3) It doesn't seem like you want to convert anything to Avro, are you asking how to see the record schema? Internally we have our own RecordSchema representation, but when we write out to a flow file attribute (for example), we use Avro's schema format (even if the data is in CSV, JSON, XML, etc.). To see the schema, set your RecordSetWriter to write the schema to the avro.schema attribute, then you can inspect the flow file's attributes from the UI and see the Avro schema.
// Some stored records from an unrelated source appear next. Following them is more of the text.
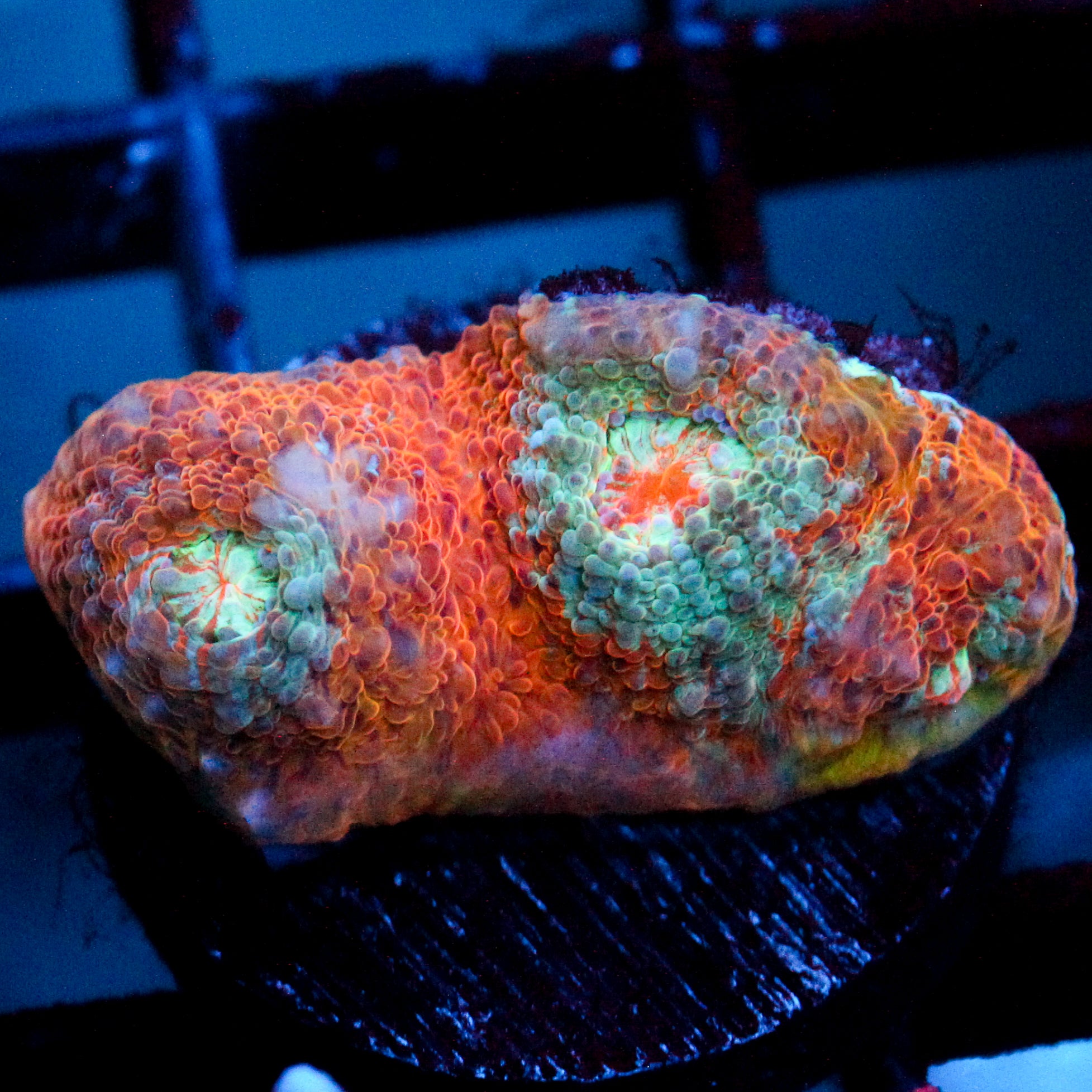 JC Miami Beach Chalice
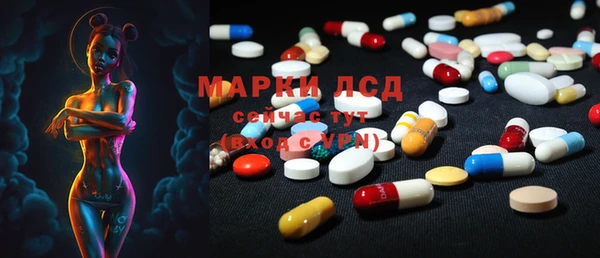 мяу мяу мука Баксан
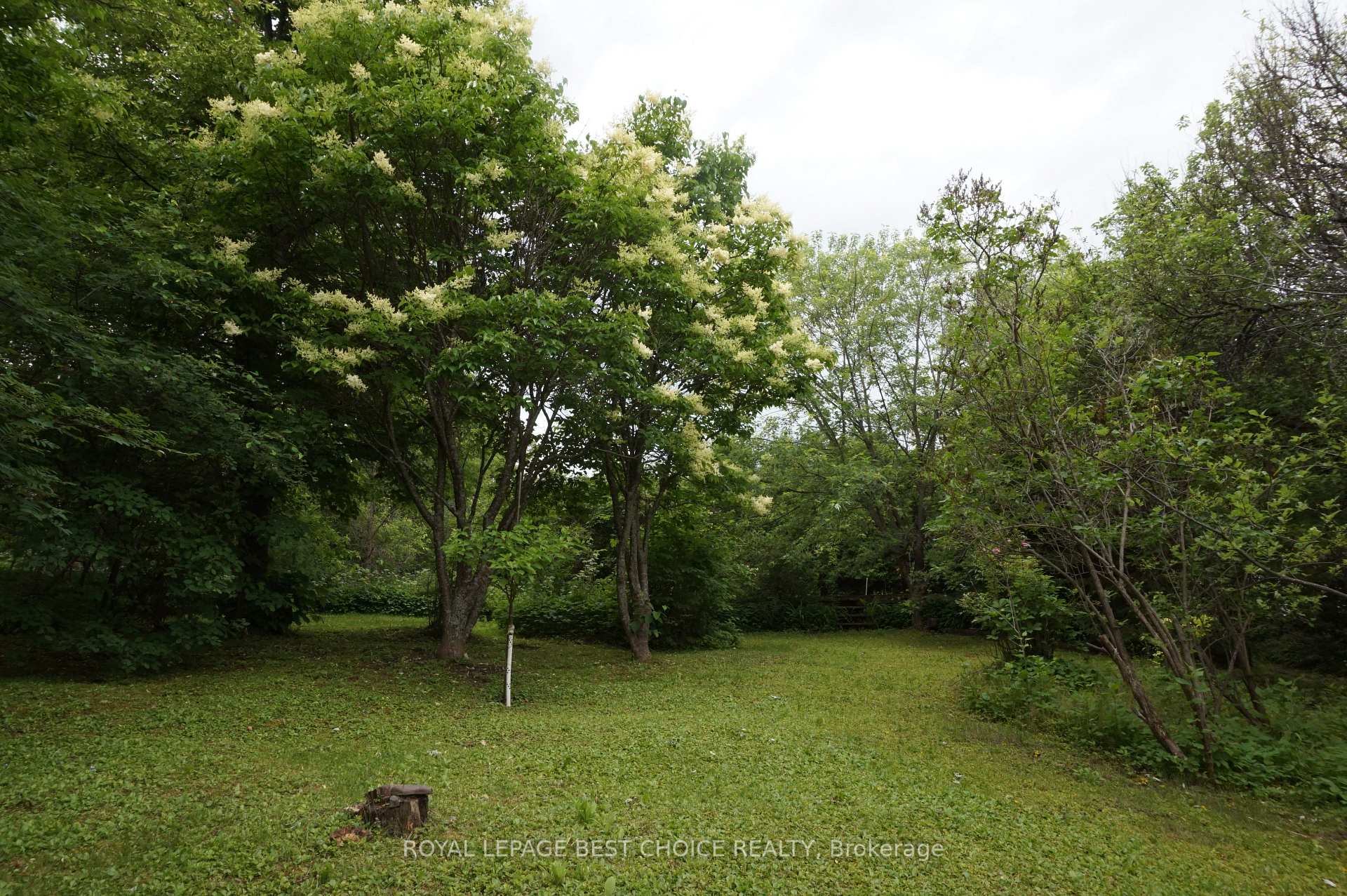 Photo 8 of 748 Lakeshore Road, Temiskaming Shores, Haileybury — HOMEH
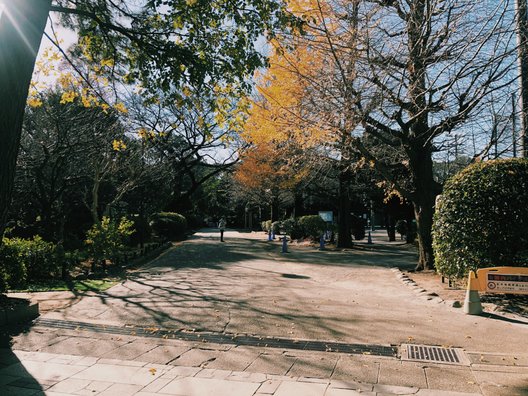 哲学堂公園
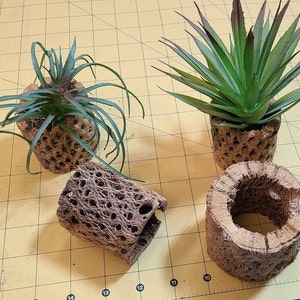 Air Plant Holder / Pot 4 Pack - Made of the Rare Teddy Bear Cholla Species Cactus Wood - Holder Only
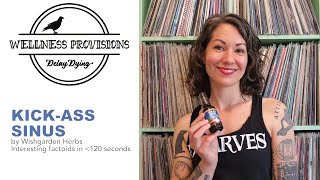 Sinus Infection Relief | Kick Ass Sinus | Herbal remedies for colds horseradish yerba santa benefits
4) ConvertRecord only changes the format of the input (CSV to JSON, e.g.), it doesn't really do any transformation of the records (although technically you can configure it to add or remove fields). If you're doing any actual transformation of data (uppercasing field names, changing "F" to "Female", etc.) then you can use JoltTransformRecord, UpdateRecord, etc. The key is that all record-based processors will do format conversion for you, so you only need ConvertRecord if all you want is to change the format of the data. Otherwise the other record processors do their thing (like PartitionRecord groups records by value) but will also convert the format, depending on which Reader and Writer you configure. Does that make sense?

avatar
Rising Star

Hi @Matt Burgess

All your points make sense. In terms of 3 above, I only thought that I might extract the inferred schema for performance reasons. As it stands the XMLReader will be forced to infer the schema with each received record. The nature of my incoming XML data is that it contains data with optional fields, and hence the inferred schema will change. My thought was that if I can determine the "superset schema" and apply that then I'd eliminate the need for inference (buying back the associated performance). In terms of 4 above, it sounds like what I will want to do is JoltTransformRecord (instead of ConvertRecord). The end result will be that I both convert to JSON and change the structure to a more suitable form.
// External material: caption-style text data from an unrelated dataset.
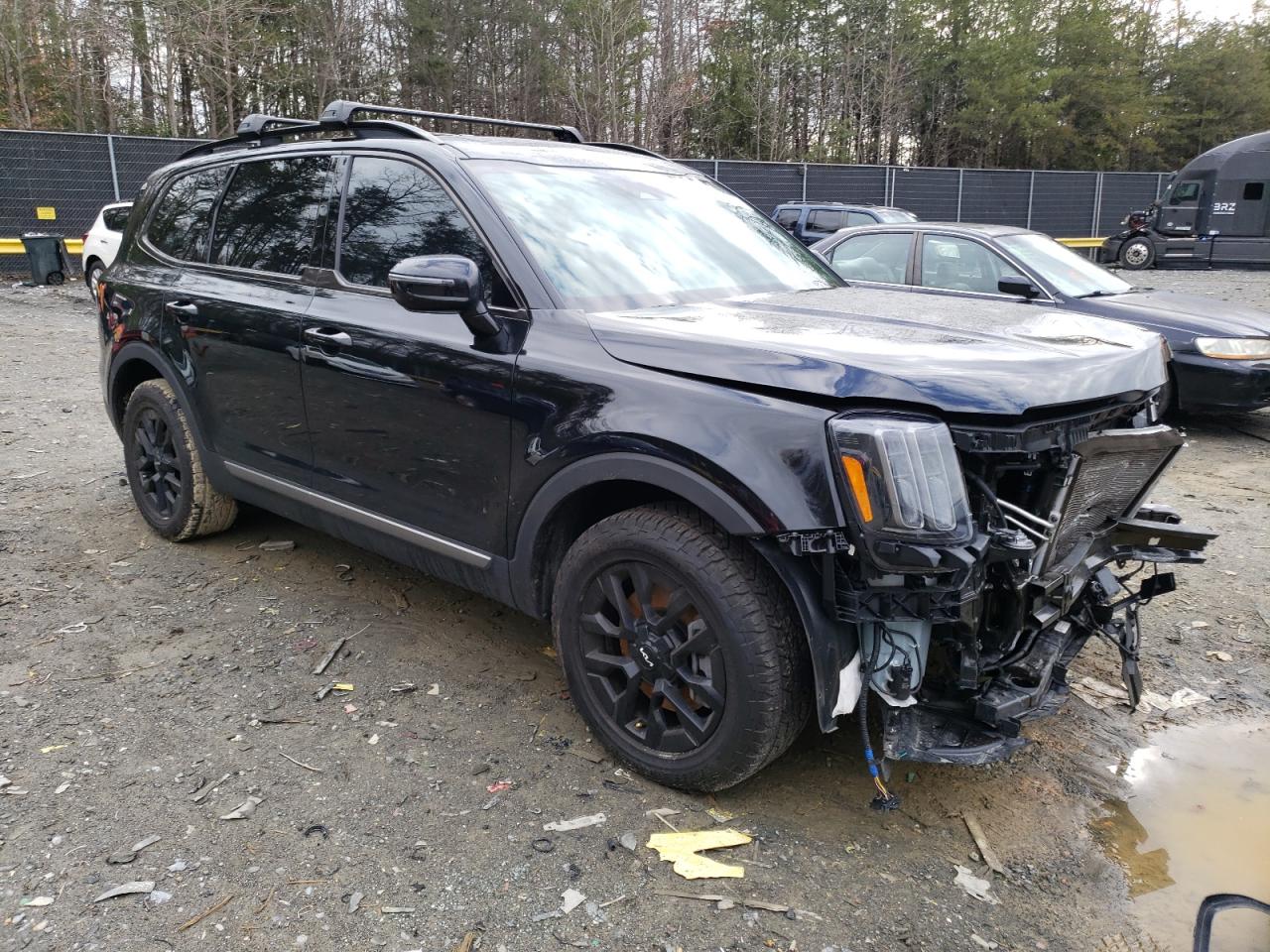 Photo 3 VIN: 5XYP5DGCXPG358279 - KIA TELLURIDE 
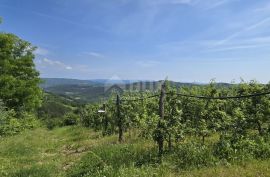 ISTRA, MOTOVUN - Čarobno zemljište s panoramskim pogledom od kojeg zastaje dah! Osama!, Motovun, Arazi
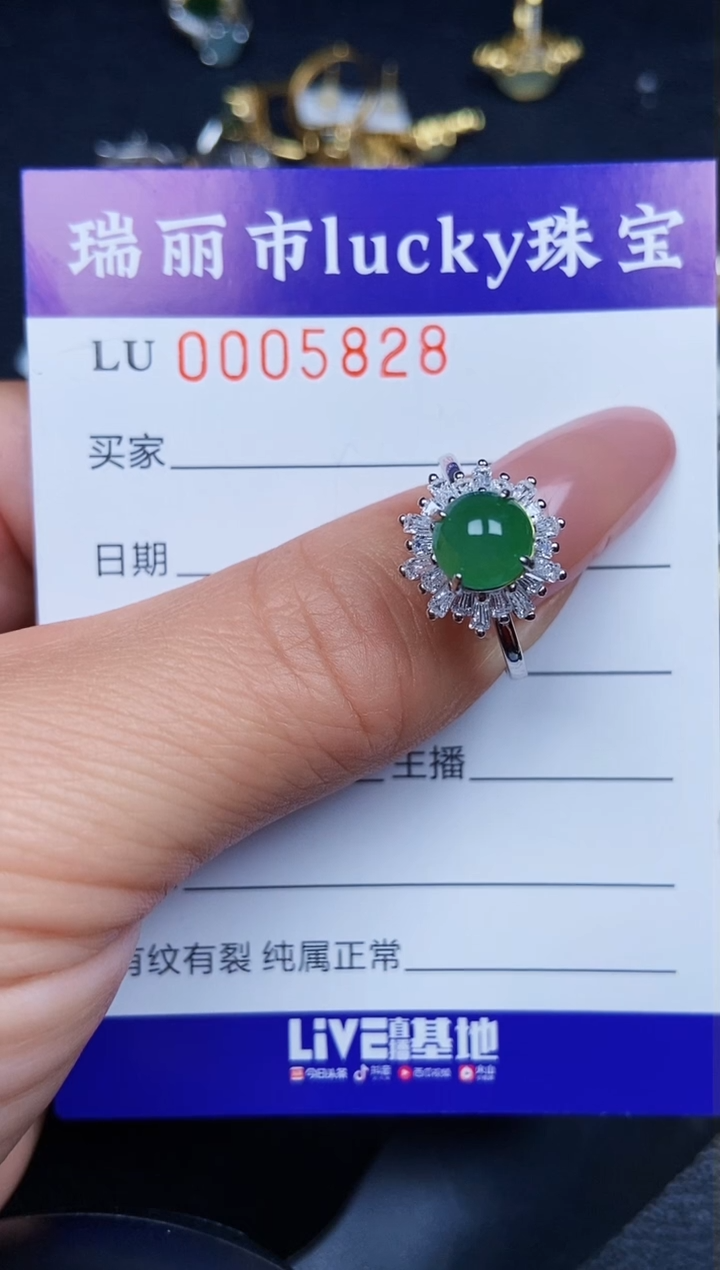 翡翠银S925镶嵌颈饰5828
Thanks very much for your detailed replies. They are hugely useful. With feedback from folks such as you I am bringing my comfort with NIFI up. My role currently is to architect our future solutions, and in that context I am looking for the technologies that we might integrate to solve problems in new and better ways. I'm very bullish about NIFI especially when I see folks from Hortonworks support it so well. I'm keen to try some of the other components that Hortonworks also supports. I do have a separate posted question about streaming messages into buffered queues that I'd love your architectural perspective on.

avatar
Rising Star

Hi @Matt Burgess.


I've tried JoltTransformRecord. Its not behaving as I'd expect. In the following you'll see that I generate a single XML record, I convert it using JoltTransformRecord (that fails). I also convert it using the same XMLReader and JSONSetWriter using ConvertRecord. I then pipe that converted JSON to a separate JoltTransformJSON, that is using the same JOLT Transform as the original JoltTransformRecord. The JoltTransformJSON succeeds. The configuration of the JoltTransformRecord is as follows:


107803-1554901402591.png


The overall flow is as follows:


107754-1554901441459.pngWhat am I missing with the use of the JoltTransformRecord?

avatar
Rising Star

The specific error I see is as follows:

107743-1554903840961.png


Here is the associated template for the flow above. You can use it to verify the problem I am having:

Test_Jolt_Transform_Record.xml

avatar
Rising Star

I have seen a similar problem reported here. Worthy of note, is that I think the problem is data specific. There are XML records that seem to work fine in the test flow I've provided. This does not make sense to me however since as I said the JoltTransformJSON works fine for the generated JSON (even for the problem data).